Cet homme sans passé négligeait même de répondre aux lettres de sa mère, demeurée à Varsovie avec son autre fils.
Il pensait en effet que, pour bien avancer, il ne faut pas trop se retourner. Et que le bonheur, dansé sur un air de tango, est une idée neuve.
Mais, à partir de 1940, alors que les bateaux déversaient dans les ports d’Amérique latine des réfugiés fuyant l’Europe et autant de sombres rumeurs, il avait été rattrapé par ce qu’il croyait pouvoir ignorer : l’édification du nazisme et la destruction des juifs.
« Mon Wincenty »
Dans une lettre, envoyée de Varsovie et reçue le 9 décembre 1940, sa mère lui avait annoncé la clôture du ghetto :
« Mon chéri, tu as peut-être entendu parler du grand mur que les Allemands ont construit.
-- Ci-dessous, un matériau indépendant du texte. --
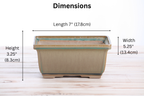 Willow Bonsai Ceramics Rectangle Deep Bonsai Pot 7 Inch – Higher‑Profile Rectangular Ceramic Bonsai & Succulent Planter with Accentuated Rim, High‑Fired Frost‑Proof Stoneware, Handmade in USA (Speckled Moss)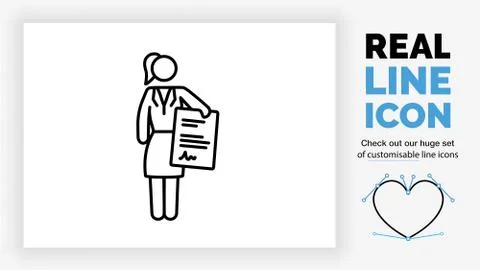 Editable lien icon of a stick figure woman giving a contract Stock Illustration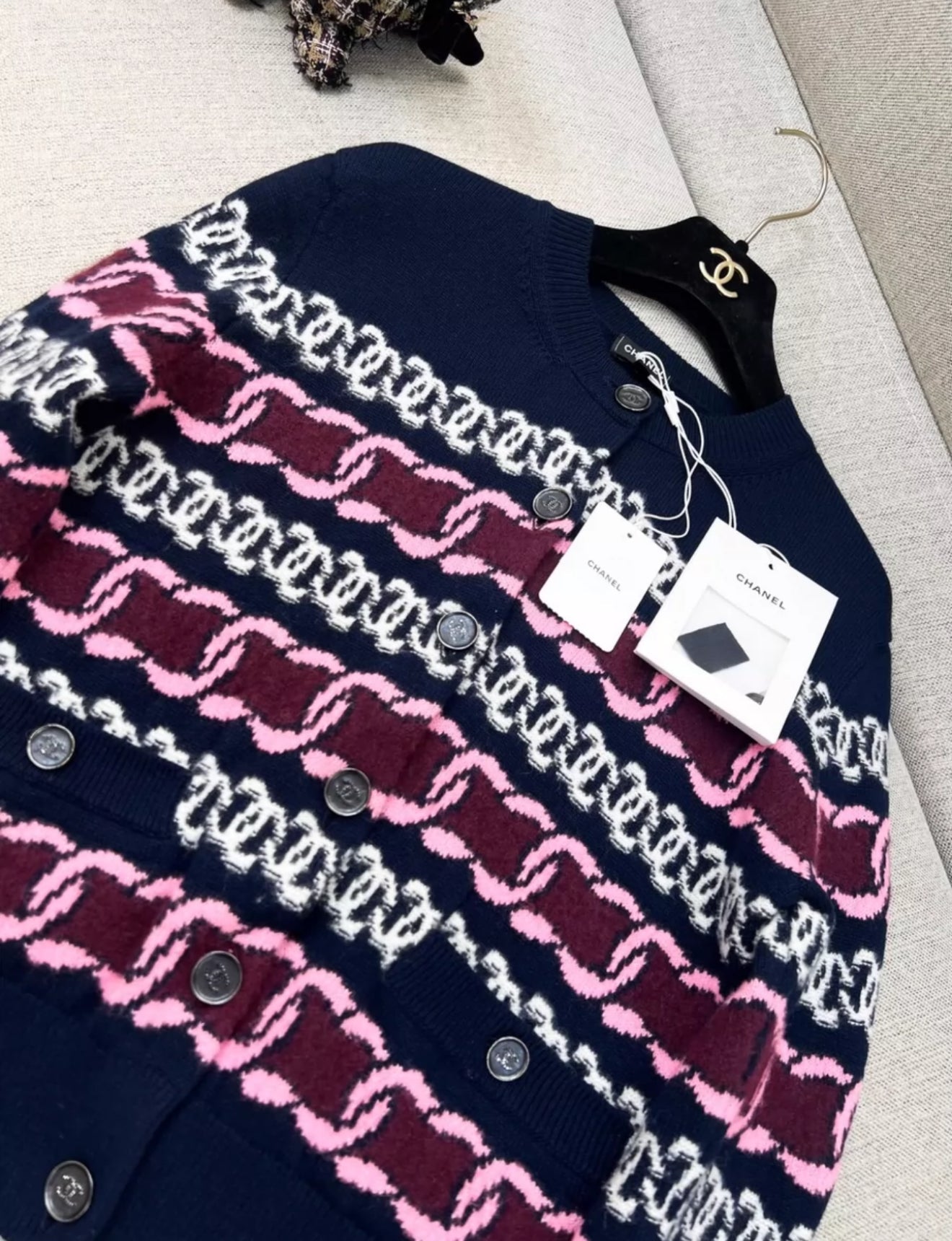 Chanel 23B navy blue, Burgundy, pink & white cardigan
Heureusement, la rue Sienna est restée à l’intérieur, ce qui est une chance, car sinon on aurait été obligés d’abandonner l’appartement et de déménager. »
Une « chance »... Vicente, qu’elle appelle s’en voulut de ne pas avoir assez insisté pour la faire venir plus tôt à Buenos Aires et commença d’être rongé par la culpabilité.
Il lui adressa, en vain, des courriers et des dollars. Et il apprit, lorsqu’il était trop tard, qu’elle avait été déportée et gazée à Treblinka.
A partir de cet instant, il s’enferma dans le mutisme, dans ce « ghetto intérieur », dont personne, ni sa femme ni ses plus proches amis, ne parvint à le faire sortir, jusqu’à sa mort, en 1969.
Né sept ans plus tôt à Buenos Aires, l’écrivain et réalisateur Santiago Amigorena, dont chaque livre ajoute une pierre à l’édifice autobiographique et dont l’histoire familiale n’en finit pas de voguer entre deux continents – « L’antisémitisme a fait fuir d’Europe mes aïeuls.
Les dictatures latino-américaines m’ont fait fuir avec mes parents l’Argentine puis l’Uruguay pour retourner en Europe » –, libère aujourd’hui son grand-père de ses vœux de silence et donne à entendre la voix, si désespérée et si digne, de son arrière-grand-mère.
Mieux, il les réunit dans ce livre aux accents de kaddish, qu’il confie à ses propres enfants afin qu’ils sachent d’où ils viennent et de qui ils tiennent.